Los Juegos Olímpicos, como los Mundiales, marcaron los veranos de muchos niños que, entre la vieja televisión deportiva y las lluviosas calles de la Ciudad de México, encontraban un lugar lleno de ilusiones: eran días de jugar a ser deportistas.
Los Ángeles 1984 llegaron en una época de enormes divisiones, había un mundo que proponían los rusos, y otro los estadunidenses. En medio, los Juegos funcionaron como un amortiguador del poderoso mensaje de las grandes potencias. El recuerdo que Moscú 1980 dejó en nosotros fue el de un escenario nostálgico y severo donde uno oso lloraba despidiéndose del mundo al clausurar la competencia: esa noche en el Luzhniki, inició la Perestroika que durante la próxima década derribaría el Muro de Berlín.

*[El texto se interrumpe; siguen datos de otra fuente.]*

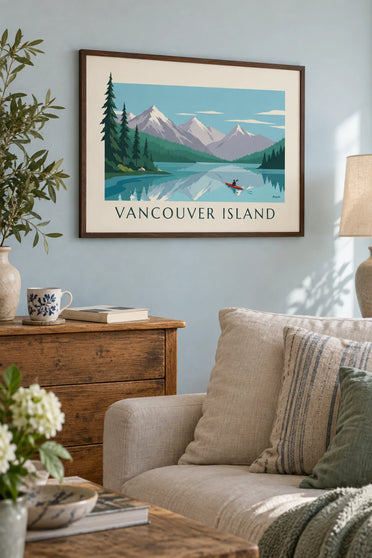 Kayak poster on a lake on Vancouver Island: framed on the wall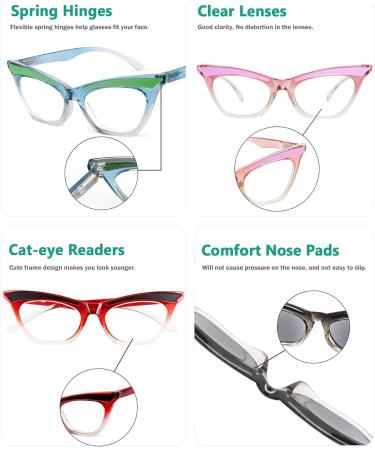 Buy Eyekepper 5-Pack Cat Eye Reading Glasses for Women - Cute +1.25 Magnification - Stylish Mix Color Set - Buy Online on GoSupps.com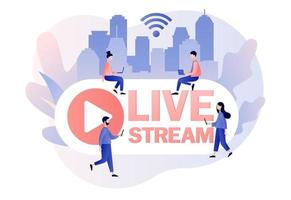 Live streaming. Tiny people that conduct and watch live stream in social networks. Modern flat cartoon style. Vector illustration on white background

Cuatro años después en el californiano Memorial Coliseum, un astronauta impulsado por un cohete en su espalda aterriza en el campo encendiendo la inauguración. El Olimpismo arrancó esa tarde una era: a partir de aquí, su cultura formaría parte del espectáculo. Encabezados por Carl Lewis, una conveniente versión de Jesse Owens editada para representar las bondades del capitalismo, Los Ángeles 84 ofreció a millones de niños mexicanos la oportunidad de confirmar esa sensación de triunfo, orgullo y emoción por su país.
Ninguna imagen causó tanto impacto en el corazón de toda una generación que el estallido de los comentaristas de televisión acompañados por la ovación del estadio cuando los marchistas mexicanos aparecieron por el túnel. Canto, el primero, iba marcando la pista como si de una caminata lunar se tratase: México andaba por terrenos desconocidos.
Momentos después, la sonrisa de Raúl González detrás de su inconfundible bigote, fue iluminando el Coliseo y las pantallas de televisión, mientras Canto cruzaba la meta. Aquella sensación, solo comparable con el triunfo de Valenzuela contra Yanquis en la Serie Mundial y los primeros goles de Hugo Sánchez con el Atlético de Madrid, cambiaron para siempre nuestra forma de vivir el deporte.